However, since those algorithms are batch based, whether they are still effective when the training images is not abundant in on-chip learning needs further examination. Besides, the hardware overhead (such as buffers) is not negligible to implement these algorithms, which is scheduled in our development plan for future version. In this version, the algorithms are supported in software level to examine their effect on improving the on-chip learning accuracy.



Figure 6: Training accuracy vs. epochs for Ag:a-Si [16] and EpiRAM [17] devices.

### 3) Improving On-chip Learning Efficiency for Digital Synapse Based Accelerator

Accelerators based on digital synapses feature of the immunity to device nonlinearity/variability as only "0"s and "1"s are stored in each memory cell. However, the partial sum read-out for digital synaptic array (e.g. STT-MRAM, SRAM) is conducted row by row, which leads to high latency. In this V3.0, a parallel read-out architecture for SRAM based synaptic array is proposed in Figure 7 [2],[4]. The WL decoder for the row-by-row read-out array is replaced with a WL switch matrix to turn on all WLs at a time. The partial sum of each column is sensed by the multilevel sense amplifier. A reference generator is used to generate the reference voltage levels for the multilevel sense amplifier. The adder and register to accumulate the partial sum of each row after the S.A. in the row-by-row SRAM array is eliminated.

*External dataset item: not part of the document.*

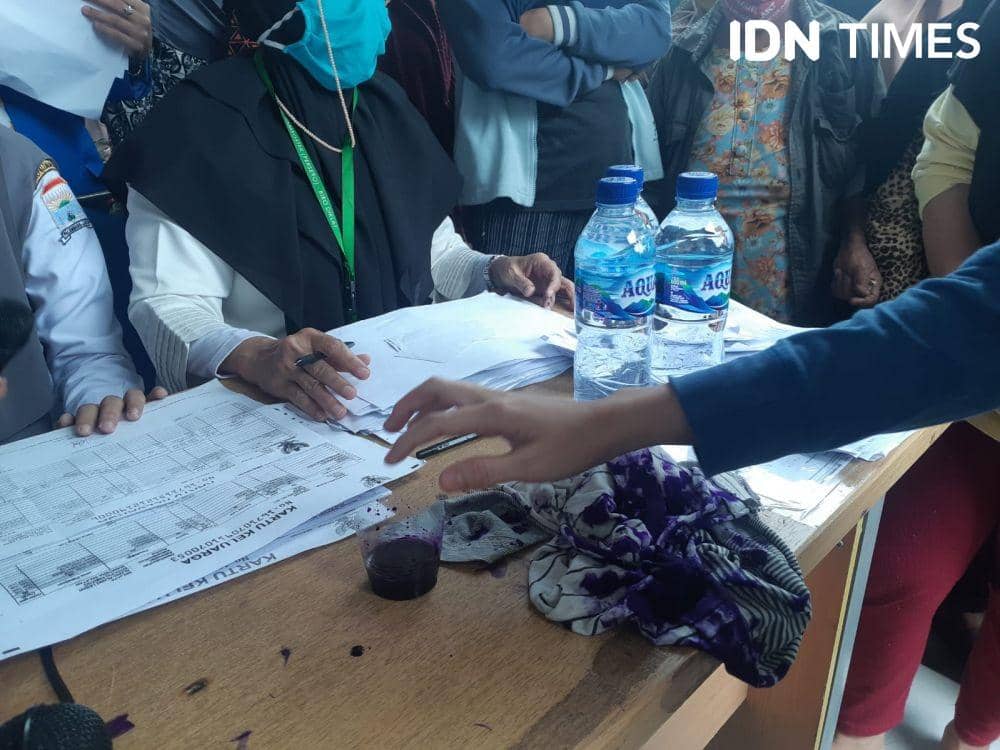 Palembang Atur Skema Celup Tinta Awasi Distribusi Minyak Goreng (IDN Times/Feny Maulia Agustin)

Figure 7: SRAM based digital synaptic array with parallel partial sum read and row-by-row partial sum read

The benchmark results for row-by-row and parallel read-out SRAM array are listed in Table 2. The area cost for parallel SRAM array is increased due to the multilevel sense amplifiers and the reference generator. The read latency of parallel read-out SRAM array is reduced significantly compared with the row-by-row scheme, which leads to lower total latency. In the parallel SRAM array, the total latency is limited by the write latency, which has to be conducted row-by-row. In Table 2, row-by-row read-out scheme using STT-MRAM is shown for comparison, which suffers from longer write latency/energy but benefits from lower leakage power. The parallel read-out scheme of STT-MRAM is for the future investigation, as the on/off ratio of STT-MRAM is very limited.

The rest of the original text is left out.